The strongest solar flare detected in years erupted from the Sun on Wednesday according to The Sun. The violent volley of particles is said to have caused blackouts in Australia, the Western Pacific, and eastern Asia.
It’s one of 19 flares to have emerged from an unusually active sunspot in recent days, according to astronomer Dr. Tony Phillips. Writing on his website spaceweather.com, which tracks the sun’s activity, he predicted more flares throughout this week.
“The fusillade is likely to continue as colossal sunspot complex AR2993-94 turns toward Earth in the days ahead,” Dr. Phillips said. The flurry of activity could trigger showings of the Northern Lights as solar radiation strikes Earth’s atmosphere.

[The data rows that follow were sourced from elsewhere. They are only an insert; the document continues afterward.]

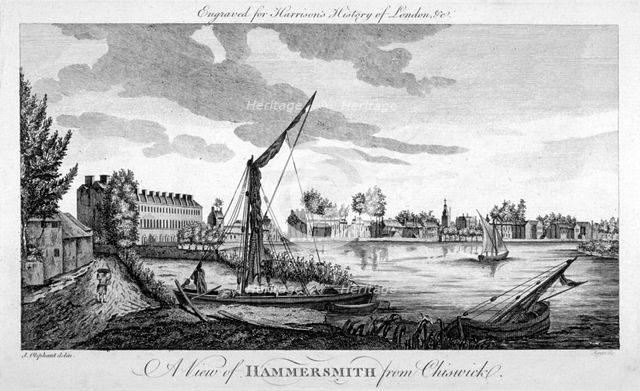 View of Hammersmith from Chiswick, London, c1770. Artist: John Royce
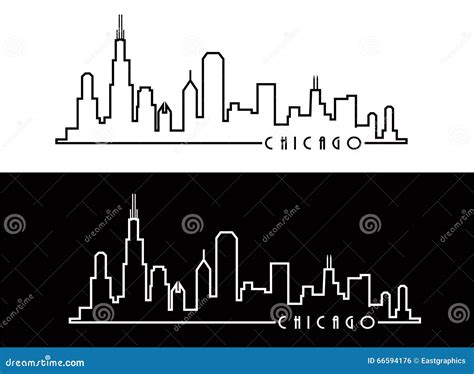 Chicago Skyline Outline Sketch Stock Photography | CartoonDealer.com ...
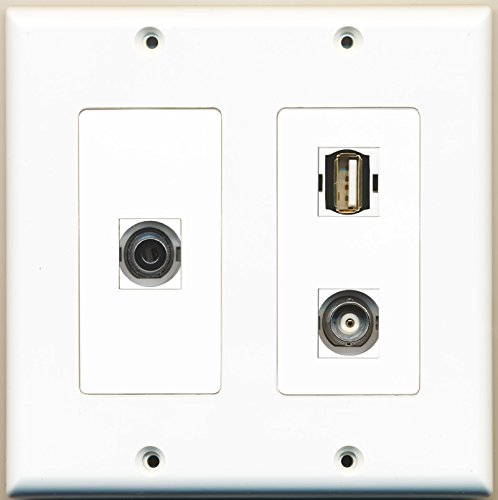 RiteAV - 1 Port USB A-A 1 Port 3.5mm 1 Port BNC - 2 Gang Wall Plate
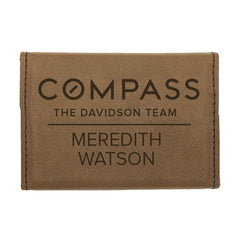 Engraved Compass Business Card Holder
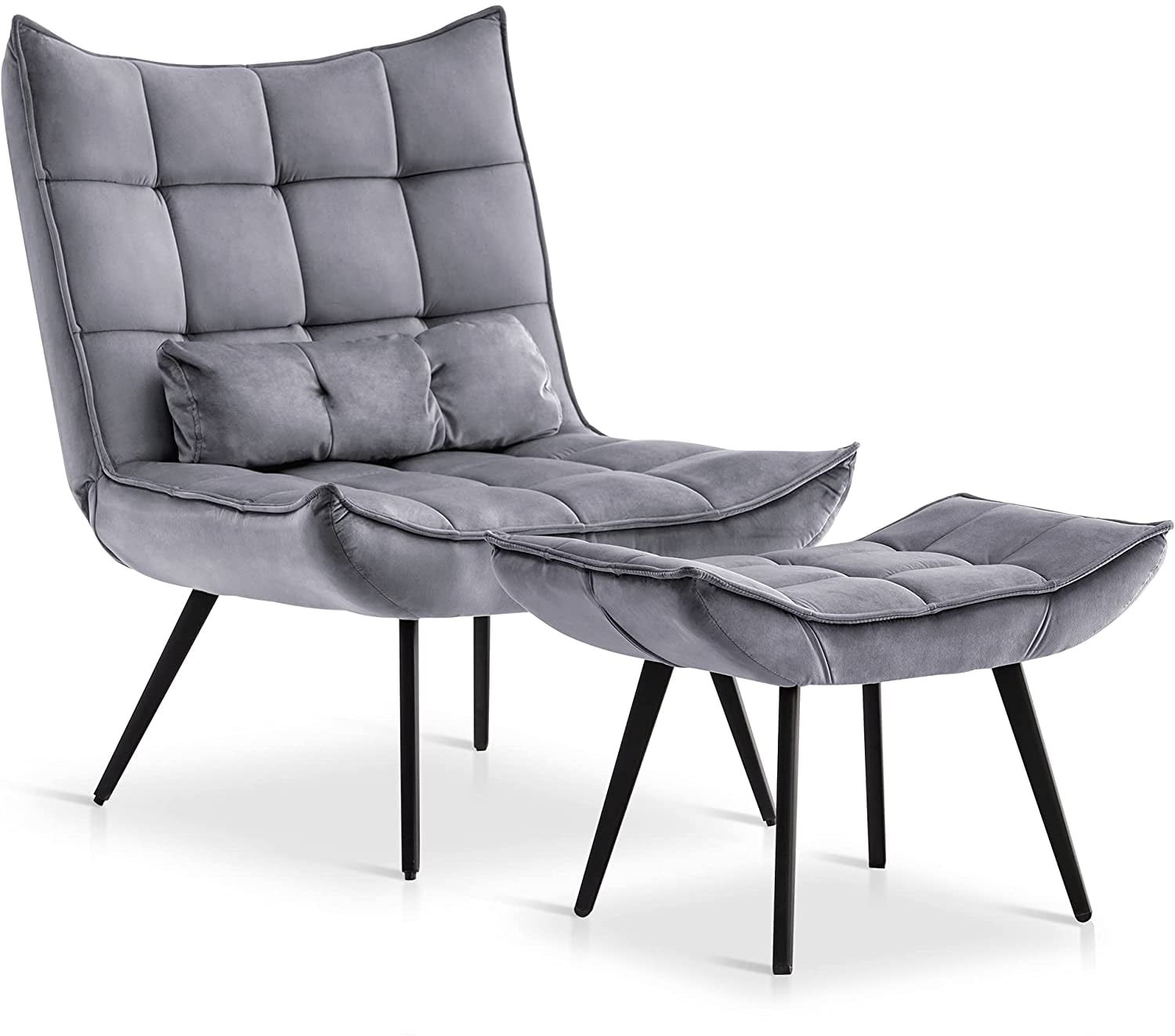 Gray Velvet Wingback Accent Chair with Ottoman and Metal Legs
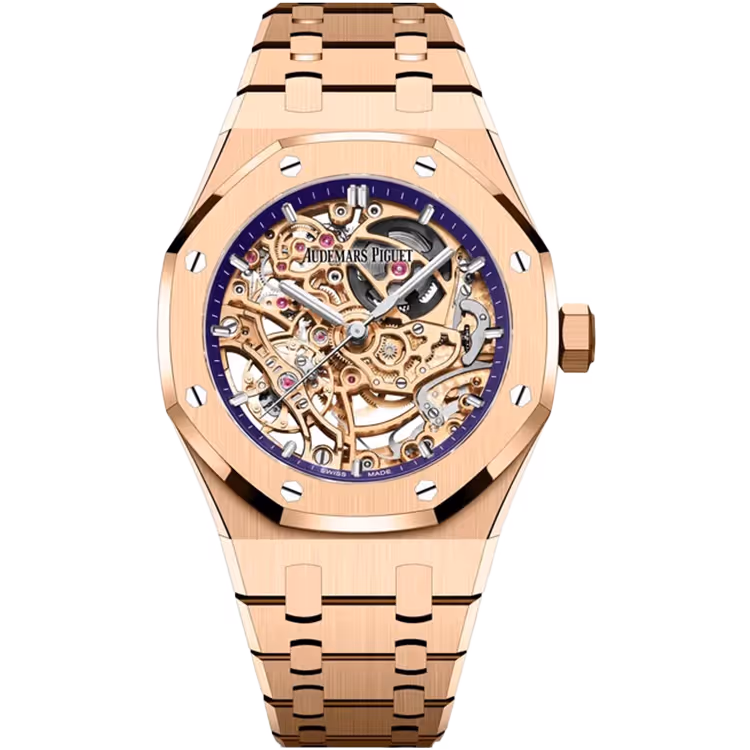 Audemars Piguet, Royal Oak, 15467OR, Rose Skeleton Dial, Double Balance Wheel, Rose Gold, 37mm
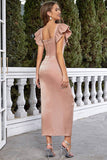 Blush Square Neck Cap Ärmar Bodycon Lång festklänning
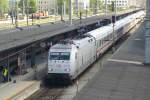 Am 29 Mai 2009 steht Werbelok 101 034 in Salzburg Hbf.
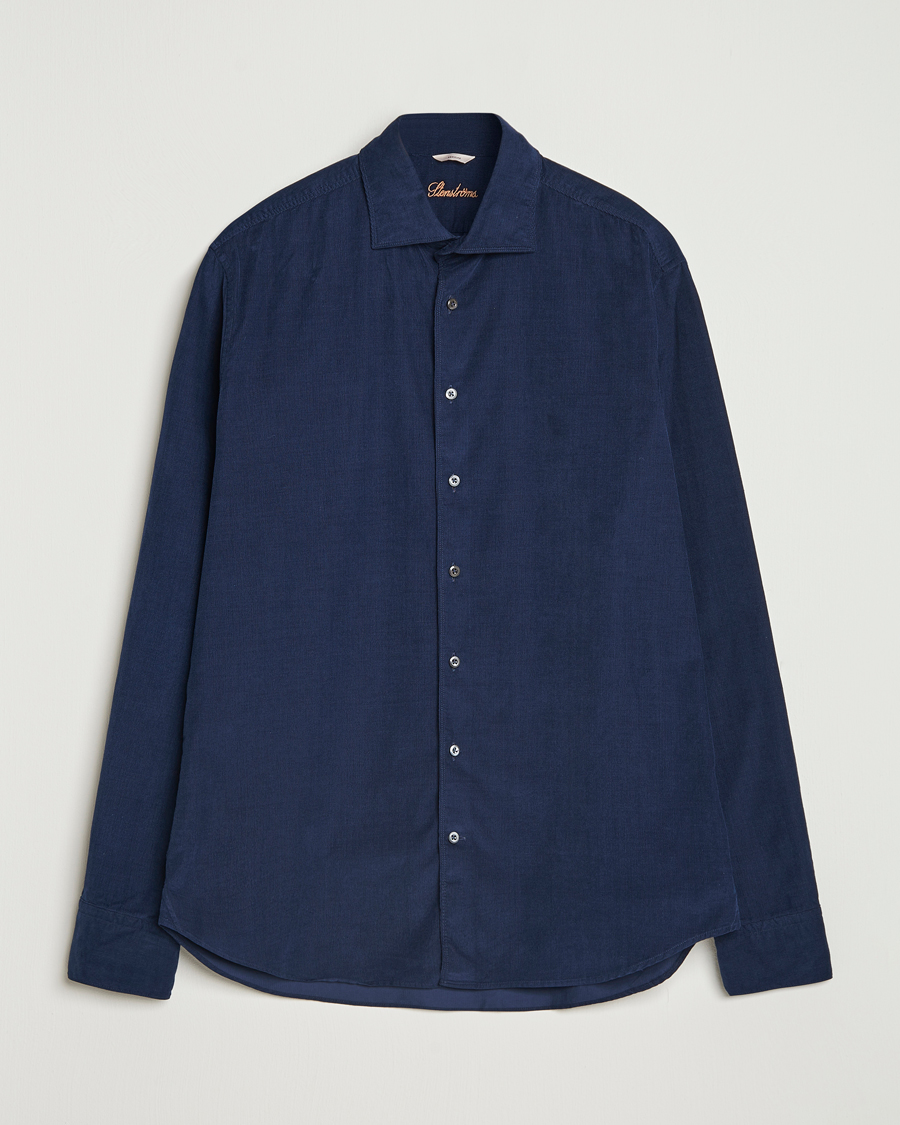 Herre | Skjorter | Stenströms | Regular Fit Cut Away Cord Shirt Navy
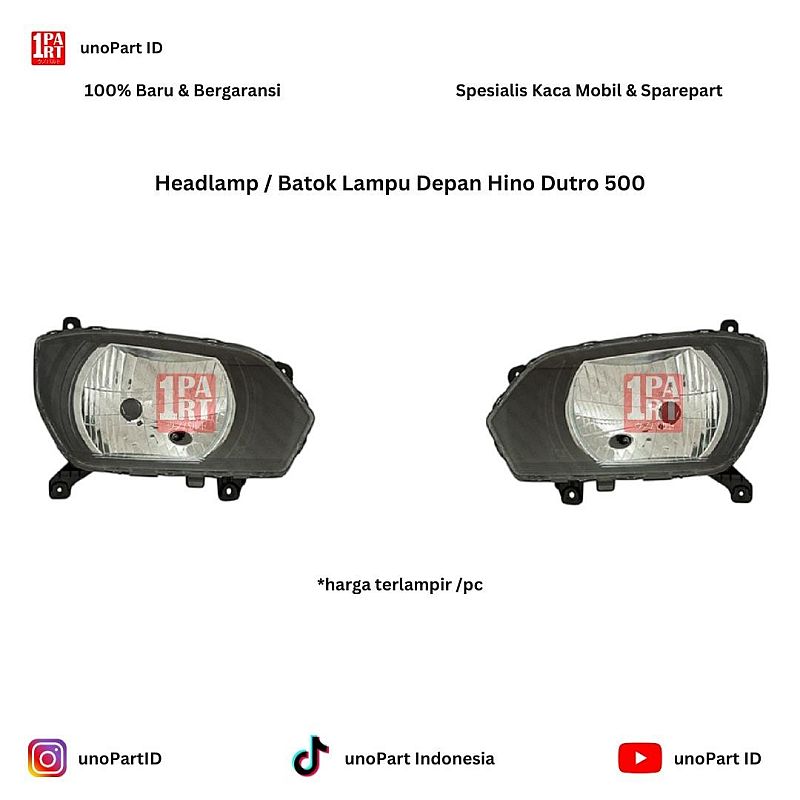 Headlamp / Batok Lampu Depan Hino Dutro 500 Merk DEPO Taiwan by unoPart ID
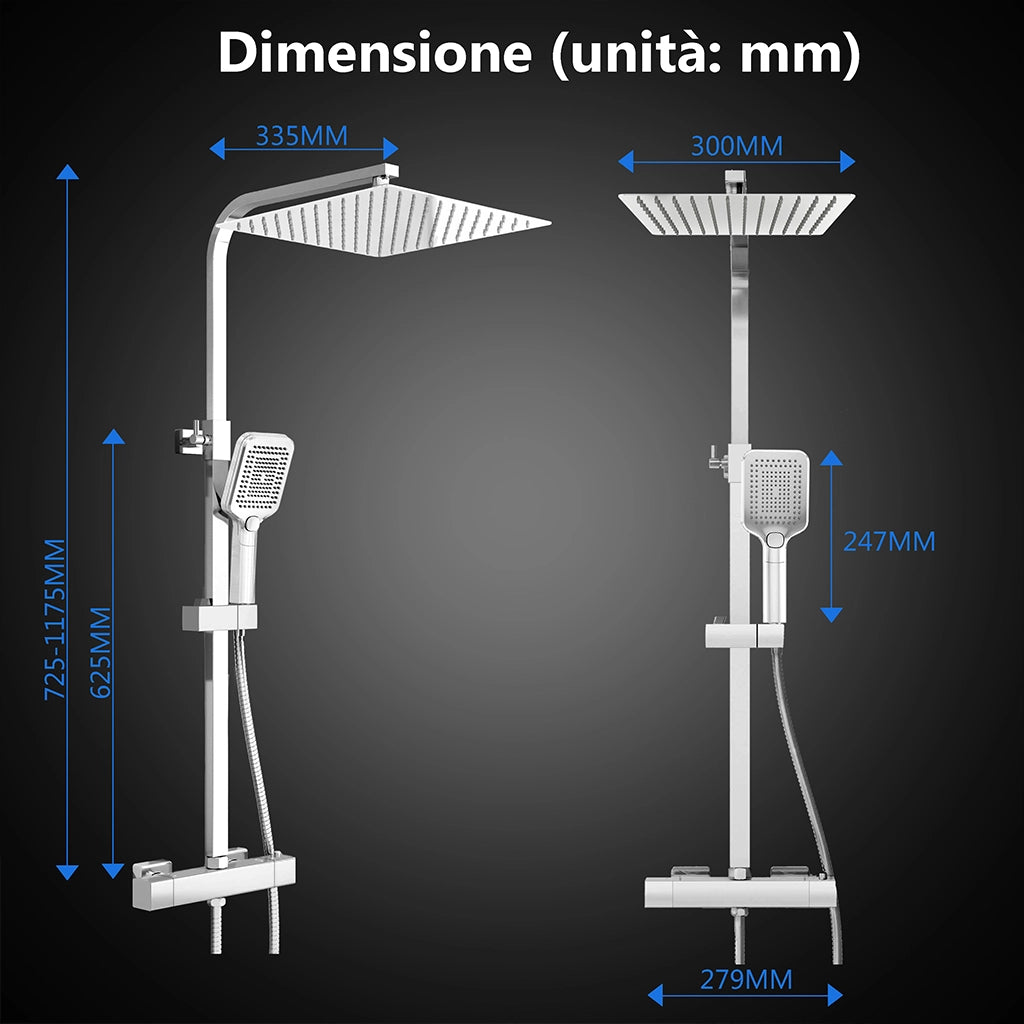Miscelatore termostatico doccia con soffione 30x30cm e doccetta 25x10cm, colonna doccia rettangolare cromo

The flare was classified as an X2.2. X-class flares are the strongest category measured by scientists, and higher numbers following the X represent an increase in the power of the eruption.
NASA recorded a few X1 flares in the past year, but this is the strongest seen since the sun-blasted off a pair of monster X-class flares, including an X9, in the second week of September 2017. The strongest flare ever observed was in excess of X28, in 2003. The latest explosion was accompanied by a coronal mass ejection, which is charged plasma that moves slower and can create gorgeous auroras when it collides with Earth’s magnetic field.
But because the eruption was located on the side of the sun from the perspective of Earth, those particles weren’t aimed in our direction and won’t be hitting our planet. The energy emitted by a flare, on the other hand, moves at the speed of light and propagates in all directions throughout the solar system, which is why it caused the radio blackout the same time the flare could be seen.